From Bloomberg News

Kashmir Lures Record Visitors as Insurgency Hotspot Regains Calm

By Andrew MacAskill and Bibhudatta Pradhan - Aug 15, 2012 2:31 PM ET

Hotel owner Wahid Malik drives his ball down the fairway at the Royal Springs Golf Course in Indian Kashmir, taking a break from hosting tourists flocking to the disputed region guarded by half a million soldiers and police.

Malik plans to build a new guest house to cash in on a tourism boom that has seen the number of visitors double to a record 2 million in the past year, to an area over which nuclear-armed India and Pakistan have fought two wars. With an anti-Indian insurgency causing the fewest deaths since it began in 1989, five-star hotels are full and the cost of flights to Kashmir’s summer capital of Srinagar is up 40 percent.

“Our hope is that a few years from now, Kashmir will no longer be known as a place of tanks and troops,” said Malik, 50, whose hotel is overlooked by 2,700-meter (8,800-feet) Himalayan peaks and served as a residence for the army for 15 years until 2005. “No one who lived through the dark days wants a return.”

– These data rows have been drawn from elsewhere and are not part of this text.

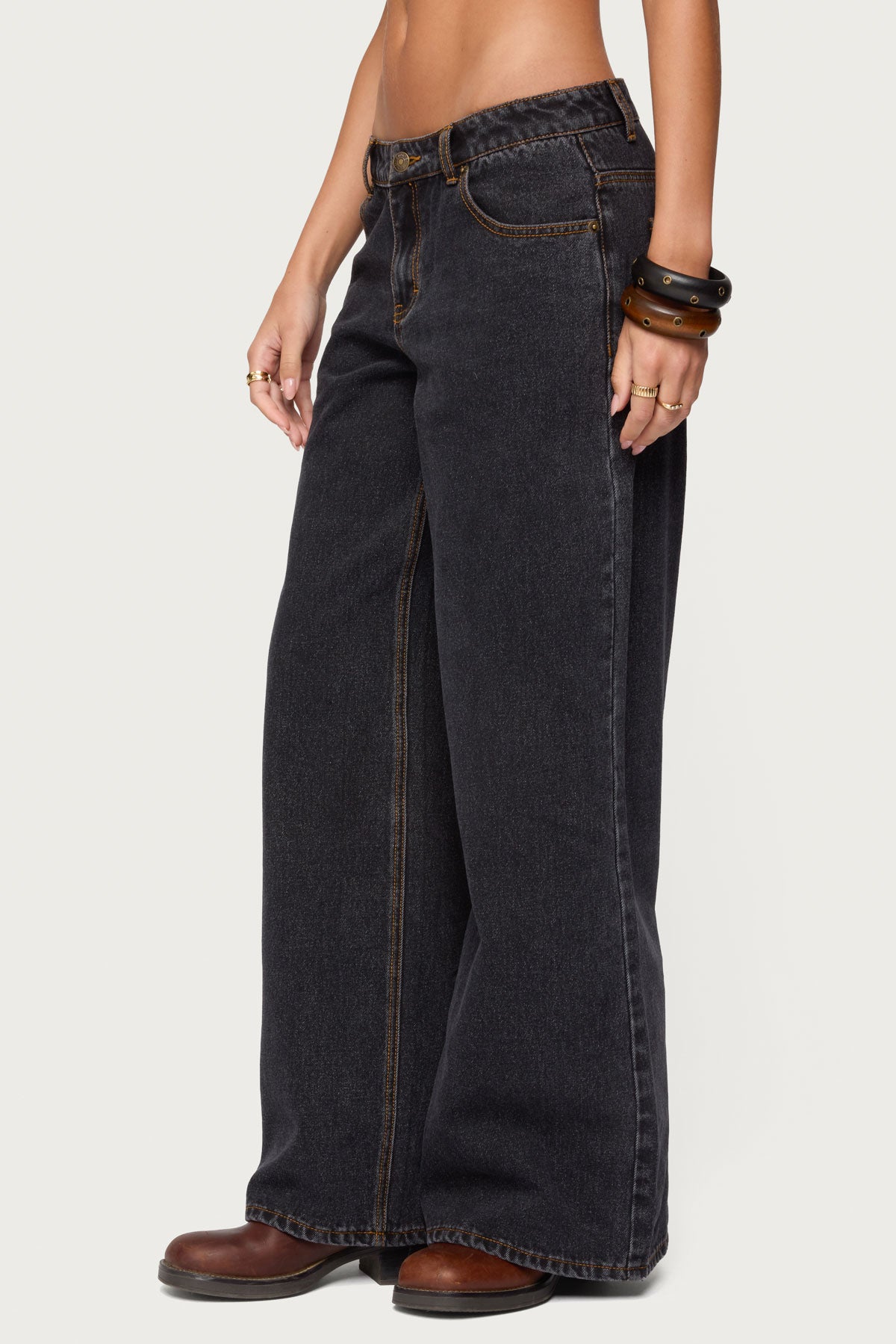 Contrast Stitch Low Rise Baggy Jeans - Image 4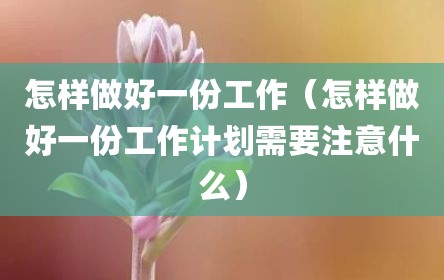 怎样做好一份工作（怎样做好一份工作计划需要注意什么）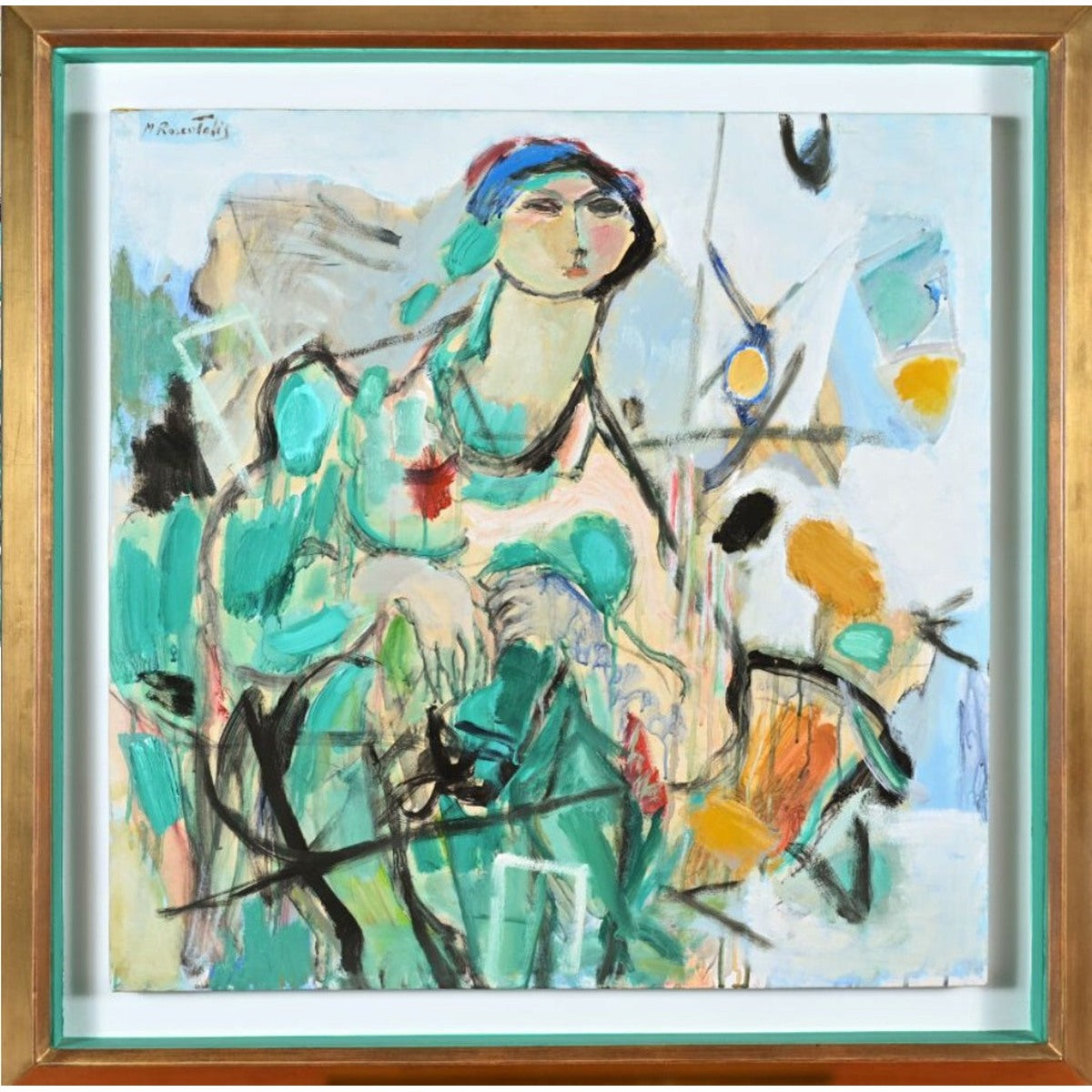Moshe Rosenthalis | Woman posing in the studio, 2003 | Oil on cardboard, 80x80 (96x96)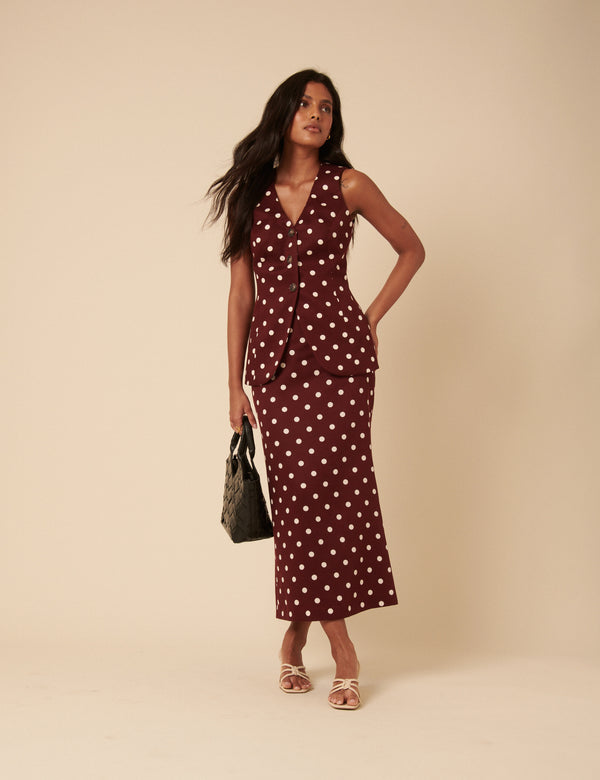 Brown Polka Dot Midi Skirt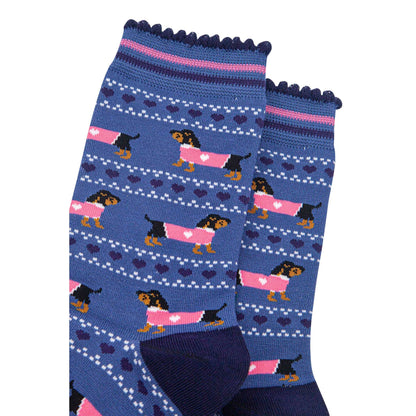 Women's Bamboo Socks - Blue/Navy, Sausage Dogs Fair Isle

The tourist rush promises jobs in a region where half the population aged between 18 and 30 are out of work. Getting more young Kashmiris into full-time employment can further lower violence and aid peace moves along the subcontinent’s most intractable fault line, where fighting between militants and India’s army has killed 50,000 people over more than two decades.